Example: input is [12,4,10]

sort it [12,4,10] -> [12,10,4]

now check if largest number is divisible by 3, here Yes

so [12-9,10,4] -> [3,10,4] now check next largest number divisible by 3, here N0

so [3,10-1,4-3] ->[3,9,1]

now increment count and pass this to function (recursive)

input -> [3,9,1]

sort [3,9,1] -> [9,3,1]

now check if largest number is divisible by 3, here Yes

so [9-9,3,1] -> [0,3,1]

now check next largest number divisible by 3, here Yes

so [0,3-3,1-1] -> [0,0,0]

now increment the count and pass the array

as largest element is 0 , we will print count and that is 2

Answer 2

It can be solved using dynamic programming. If you look at common solutions to dynamic programming problems, they follow the same general structure. We use an array to store the minimum number of permutations needed to reach each value, and update each value in turn using nested loops. The answer will end up in d[0][0][0] which is the number of permutations required to get to [0, 0, 0].
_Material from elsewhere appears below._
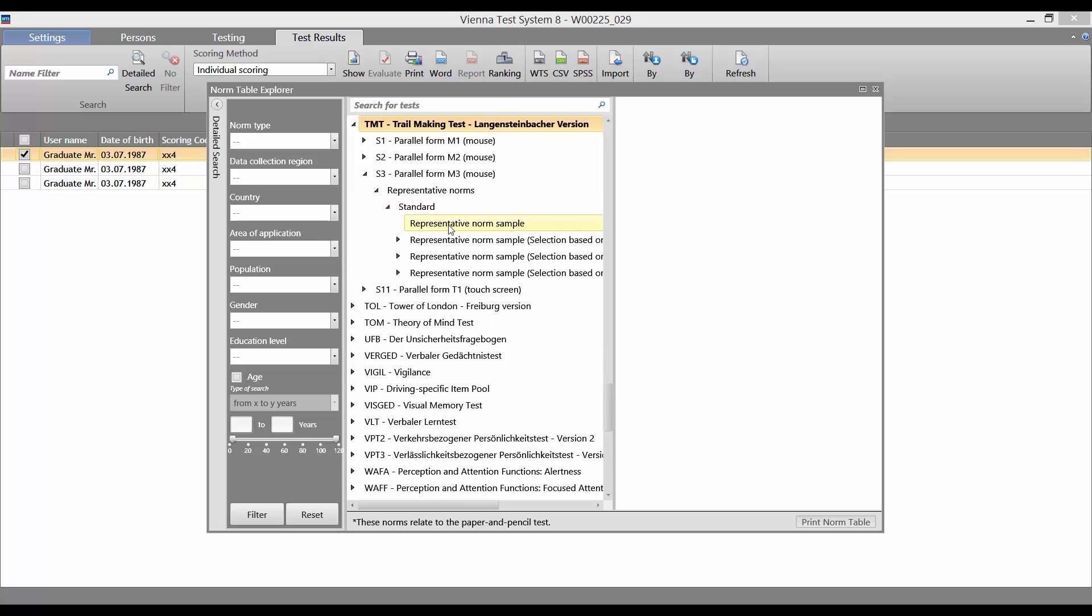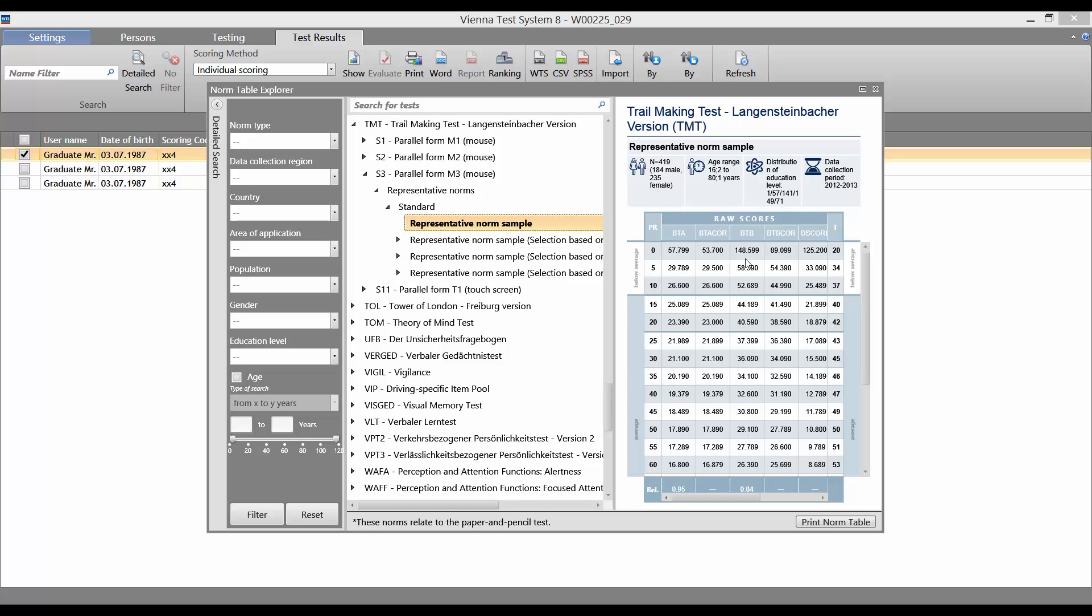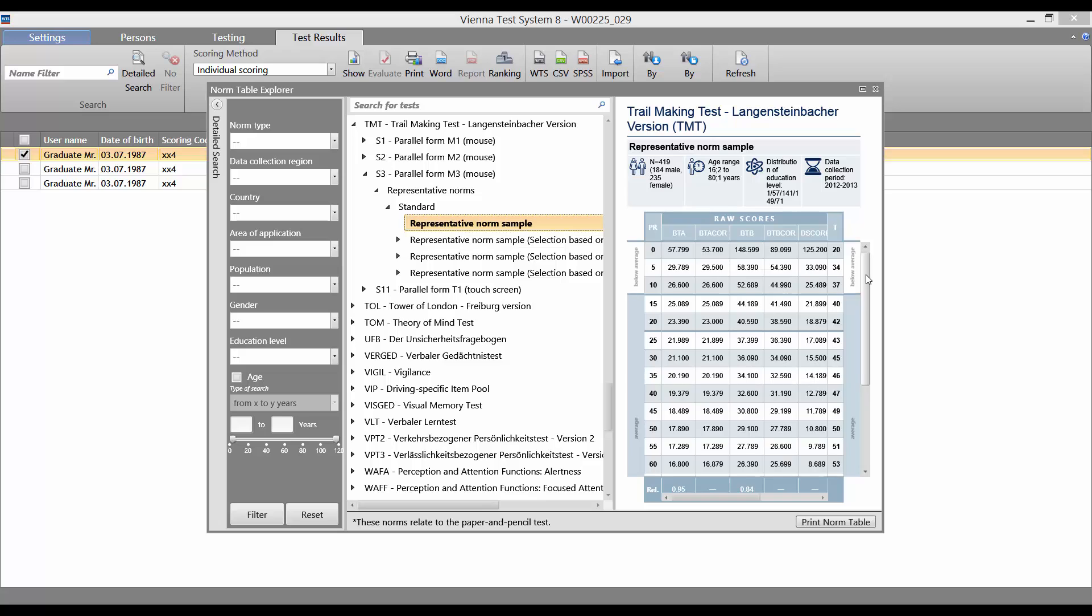Here, we select the required norm sample, and on the right here, we can then look at the Norm Tables in detail.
public static int count(int a, int b, int c) {
    int[][] permutations = {{9, 3, 1}, {9, 1, 3}, {1, 9, 3}, {1, 3, 9}, {3, 9, 1}, {3, 1, 9}};

    int[][][] d = new int[a + 1][b + 1][c + 1];

    // Set initial values to high value to represent no solution.
    for(int x = 0; x <= a; x++) {
        for(int y = 0; y <= b; y++) {
            for(int z = 0; z <= c; z++) {
                d[x][y][z] = Integer.MAX_VALUE / 2;
            }
        }
    }

    // Set number of permutations for initial value to 0.
    d[a][b][c] = 0;

    // Update all values.
    for(int x = a; x >= 0; x--) {
        for(int y = b; y >= 0; y--) {
            for(int z = c; z >= 0; z--) {
                for(int[] p:permutations) {
                    // Update count from [x, y, z] -> [nx, ny, nz] using permutation p.
                    int nx = x - p[0];
                    int ny = y - p[1];
                    int nz = z - p[2];
                    if(nx >= 0 && ny >= 0 && nz >= 0) {
                        d[nx][ny][nz] = Math.min(d[nx][ny][nz], d[x][y][z] + 1);
                    }
                }
            }
        }
    }

    // Return final answer.
    return d[0][0][0];
}

Answer 3

Let the number of elements be n, let p₁ to p_n! be the permutations of the array you want to subtract, and let A be your original array. Then you want the natural numbers solutions of the linear system

A - k₁*p₁ - ... - k_n!*p_n! = 0

which is equivalent to

A = k₁*p₁ + ... + k_n!*p_n!

where 0 is the n-item array with all zeroes. You can't figure that out using the obvious linear algebra solution since ℕ^n is not an ℕ-vector space; actually, finding solutions to linear systems over natural numbers in general is NP-complete by a reduction from subset sum. I couldn't adapt the reduction to your version of the problem ad hoc, so maybe think about that for a bit. It should remain NP-hard, at least that's what I would expect.